E’ il momento del terzo “termine” o “sostantivo”, l’etica: e che cosa è etica se non affinare il proprio animo attraverso la cultura? l’affinamento della cultura, correttamente intesa, in azienda come “extra moenia”, è propedeutico ad ogni altra intenzione etica; non c’è dubbio che attraverso la crescita degli aspetti più pregiati dell’animo si arriva ad un comportamento ispirato a criteri di umanità e di umanesimo dotati di valore aggiunto; e i vantaggi, in azienda, si apprezzano di conseguenza e molto praticamente, anche dal punto di vista economico e dei fatturati: non è certo un asintoto, infatti, sostenere che produzione corretta e produzione efficace vanno di pari passo, soprattutto per chi è attento ai criteri della qualità. L’universo aziendale, insomma, ordinato nella globalità e nei singoli, può dare il proprio impulso determinante sotto il profilo della stessa convivenza civile. Ciò è tanto più vero in un mondo come quello di oggi, in cui gli strappi alle etiche si pagano prima o dopo in prezzi non sostenibili. Etiche del rapporto quotidiano ed etiche collettive. C’è una norma comunitaria, la SA8000, che prende in considerazione gli aspetti etico-aziendali e li ordina in modo sistemico: dalle ricadute in termini di ambiente a quelle sulla sicurezza negli ambienti di lavoro, dalle eque condizioni di prestazione lavorativa per i dipendenti alla condotta degli stessi nell’ambito aziendale e di lealtà nei confronti dell’impresa dove lavorano. Una società di servizi genovese di alto pregio, il RINA, offre un servizio di formazione per formatori su queste materie: formazione alle persone che andranno a formare altri, in un processo a cascata. Il RINA (Registro Italiano Navale) ha sempre avuto, per tradizione e per riconoscimento giuridico-normativo, il compito della classificazione e certificazione di tutte le navi e imbarcazioni nazionali; successivamente e gradualmente ha acquisito compiti di certificazione (ed anche di consulenza) in altri campi. E la SA8000 è larga parte, oggi, dei suoi progetti e finalità.

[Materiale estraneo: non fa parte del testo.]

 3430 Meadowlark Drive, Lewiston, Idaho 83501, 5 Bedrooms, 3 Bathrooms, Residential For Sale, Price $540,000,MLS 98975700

Cultura-emozione-etica: tre concetti che hanno trovato intima connessione in un intento oggi perseguibile, se si uniscono le buone volontà di tutti: produrre in rinnovate condizioni d’animo per uomini e donne d’azienda, produrre meglio, in un ambiente dalle ottimali condizioni di lavoro, nell’ottica della migliore soddisfazione dell’utilizzatore finale del prodotto e per la crescita del successo commerciale.